La responsable explique également qu'à l'issue de discussions avec son département informatique interne, il est probable que la banque gardera en place le système existant pendant un certain temps pour qu'il fonctionne en parallèle du nouveau, en guise de solution de secours. « De cette manière, s'il y avait le moindre problème, on sait qu'on pourrait repasser dessus. »
Feuille blanche
Parmi ses objectifs, la Bank of England avance la nécessité de moderniser son existant, de le rendre plus ouvert à d'autres entreprises qui pourront se connecter plus directement, et d'une disponibilité 24 heures sur 24.
Même si, comme la plupart des grands systèmes IT, celui de la Banque d'Angleterre a constamment fait l'objet de « petites » mises à jours au fil des ans, la vitesse de l'évolution des industries financières et informatiques imposerait aujourd'hui une mise à niveau majeure.

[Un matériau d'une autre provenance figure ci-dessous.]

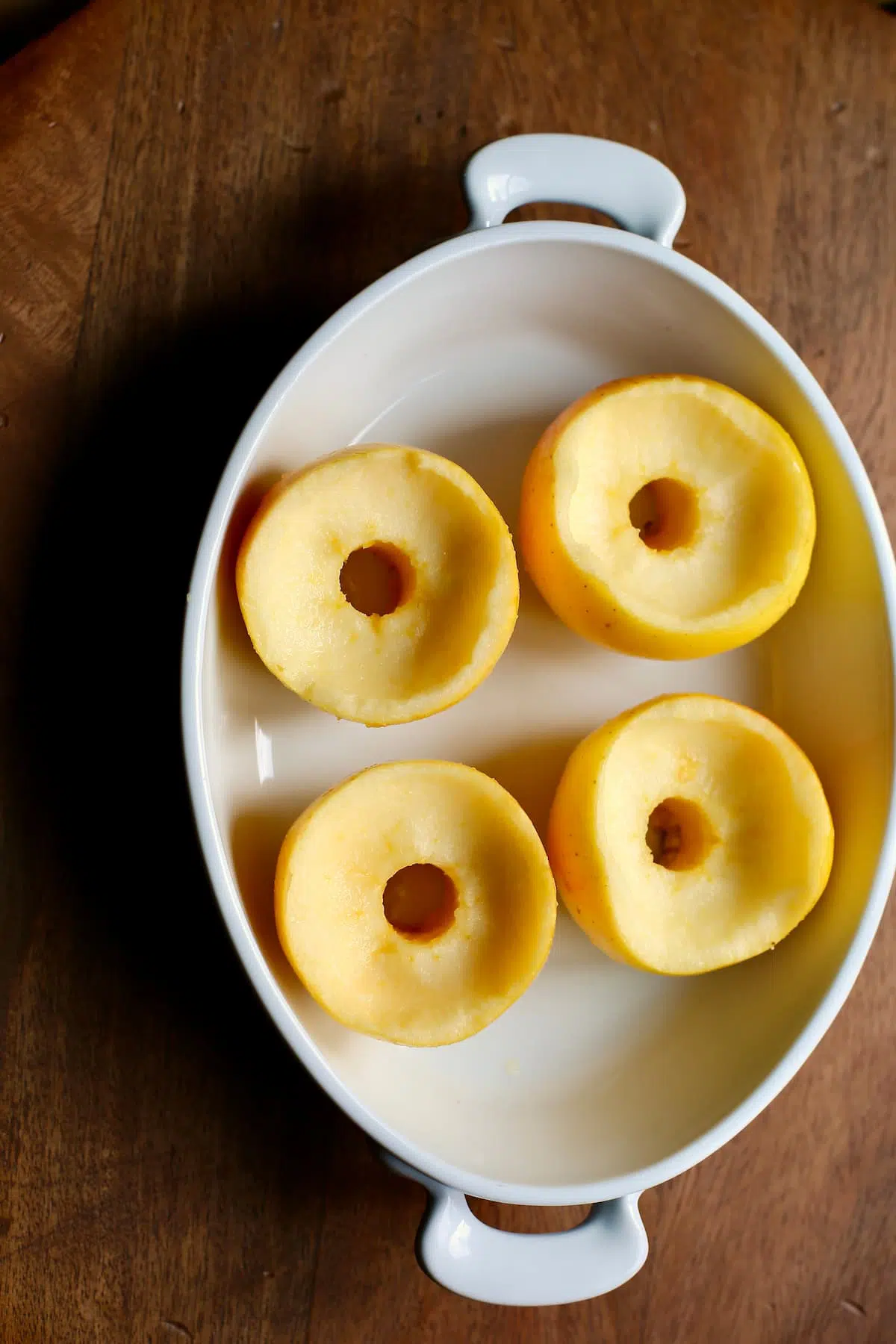 a baking dish with apples that have been cored and scooped out to make room for the filling of these baked apples.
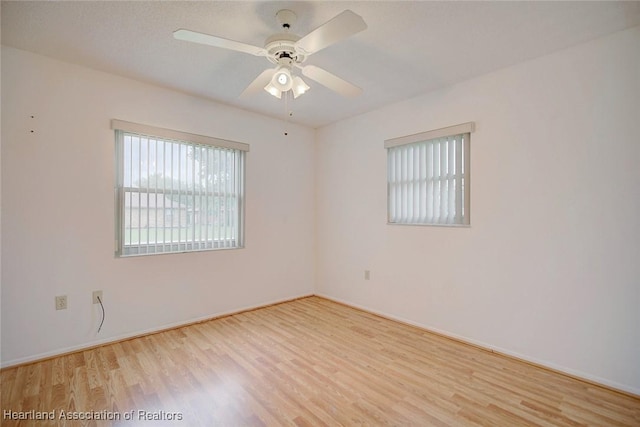 empty room featuring ceiling fan and light hardwood / wood-style floors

« Nous en sommes arrivés au point où, si vous voulez apportez des changements fondamentaux - comme de rendre le système disponible 24 heures sur 24, 7 jours sur 7 et augmenter sa capacité - il vaut mieux tout reprendre à zéro », tranche Victoria Cleland.
Mais repartir d'une feuille blanche modifie l'échéancier initial du projet. En 2016, la Bank of England avait fixé 2020 comme date de remplacement du RTGS. Elle est maintenant prévue pour 2025.
Les cinq objectifs de la migration
« Quand le programme a commencé, nous avions prévu un certain calendrier. Mais depuis, nous avons beaucoup travaillé avec notre industrie pour déterminer ce qu'elle voulait et la meilleure façon de le concrétiser », précise la responsable. « Nous nous dirigeons à présent plus vers 2025, avec un certain nombre de point de passage d'ici là ».
« Il faut dire que ce que nous voulons faire est un peu plus ambitieux qu'au départ. Nous prévoyons des choses passionnantes en matière d'innovation. Nous cherchons également des moyens d'intégrer plus de participants », justifie-t-elle.
Au final, le projet s'est fixé cinq grands objectifs : accroître la résilience du système, en élargir l'accès (à de nouveaux acteurs), accroître son interopérabilité (à de nouvelles technologies), améliorer l'ergonomie fonctionnelle pour les utilisateurs et renforcer la gestion du risques de bout en bout.
S'ouvrir aux acteurs non bancaires et à la FinTech
Pour établir cette liste, la Banque d'Angleterre a regardé de près l'évolution du secteur des services financiers. Elle en a conclue qu'il fallait un système qui, non seulement offre davantage de fonctionnalités, mais qui facilite aussi l'adhésion de nouvelles organisations.
Ce point clef a déjà débouché sur un changement de sa politique qui stipule à présent que des sociétés non bancaires peuvent devenir membres. « Cette mesure a été adoptée l'an dernier pour favoriser la concurrence et l'innovation » explique Victoria Cleland. La fintech spécialiste des transferts internationaux de fonds en peer-to-peer Transferwise est un exemple de nouveau membre non bancaire. D'autres devraient suivre, prévoit la responsable.
No Cloud, No Blockchain
Concernant le cahier des charges du futur partenaire informatique, la sécurité, la réactivité, la robustesse et l'expertise en matière de paiements arrivent en tête des priorités.
Pour la responsable, en revanche, le Cloud n'est pas envisagé à ce stade. Des discussions ont également eu lieu pour savoir si les registres numériques distribués (DLT) - en clair la Blockchain - pouvaient jouer un rôle dans le nouveau système.
« Nous avons décidé de ne pas utiliser de registre distribué parce que nous ne les avons pas vus utilisés à cette échelle, pas pour quelque chose d'aussi important. Mais nous avons vraiment hâte de voir si les entreprises qui l'utilisent peuvent le relier au système », se réjouit la responsable. « Nous n'utilisons pas [de DLT], mais nous créerons les conditions pour que d'autres puissent le faire ».